Seguidor de DIEGO VELÁZQUEZ (Sevilla, 1599 – Madrid, 1660).
“Fragua de Vulcano”.
Óleo sobre lienzo.
Medidas: 118 x 150,5 cm; 131,5 x 164,5 cm (marco).
La reinterpretación de una de las composiciones más emblemáticas de Diego Velázquez, en el siglo XIX, evidencia la relevancia y la influencia que supuso el artista sevillano en el desarrollo de la historia del arte española. El autor sintetiza con acierto la célebre Fragua de Vulcano, conservando la monumentalidad y la intensidad narrativa del original mediante una ejecución depurada, de volúmenes sólidos, pincelada perfectamente fundida y una composición de gran claridad visual.
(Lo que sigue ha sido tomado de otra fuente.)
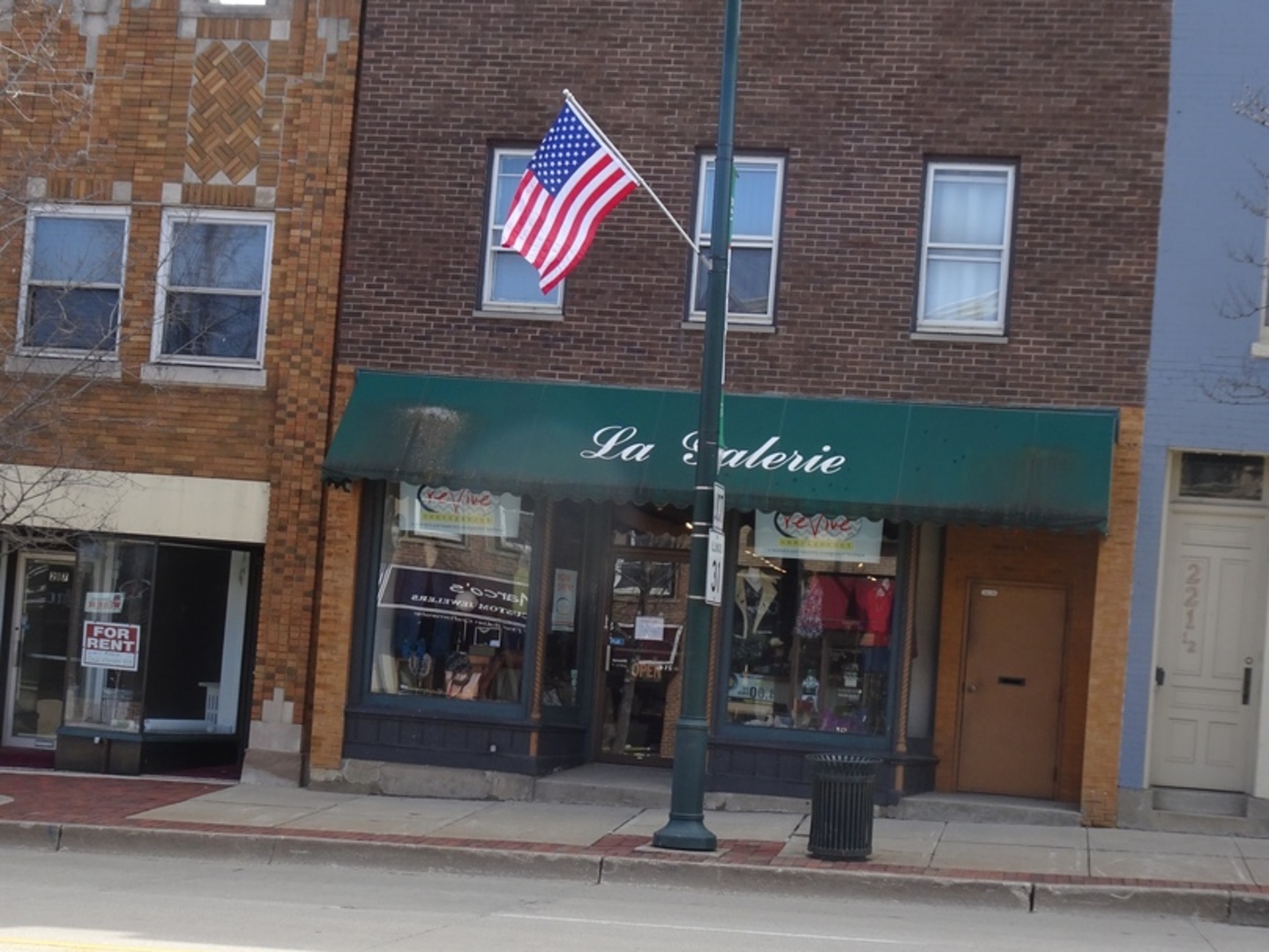 a view of a brick building with a building and a entrance door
La calidad de la pintura se aprecia en la acertada construcción de las figuras y en la cuidada representación de las expresiones y actitudes de los personajes, recursos que mantienen la fuerza dramática del episodio mitológico
La fragua de Vulcano, conservada en el Museo del Prado, fue y sigue siendo una de las grandes creaciones del Siglo de Oro español, el tema e incluso la paleta cromática utilizada por Velazquez, denotaban su paso por Italia. Inspirada en las Metamorfosis de Ovidio, Velázquez trasladó el episodio protagonizado por Apolo y Vulcano a una fragua contemporánea, humanizando a los dioses mediante un extraordinario naturalismo y un magistral estudio anatómico y psicológico. Esta concepción convirtió la obra en un referente de la pintura barroca y en uno de los modelos más admirados y versionados de la escuela española.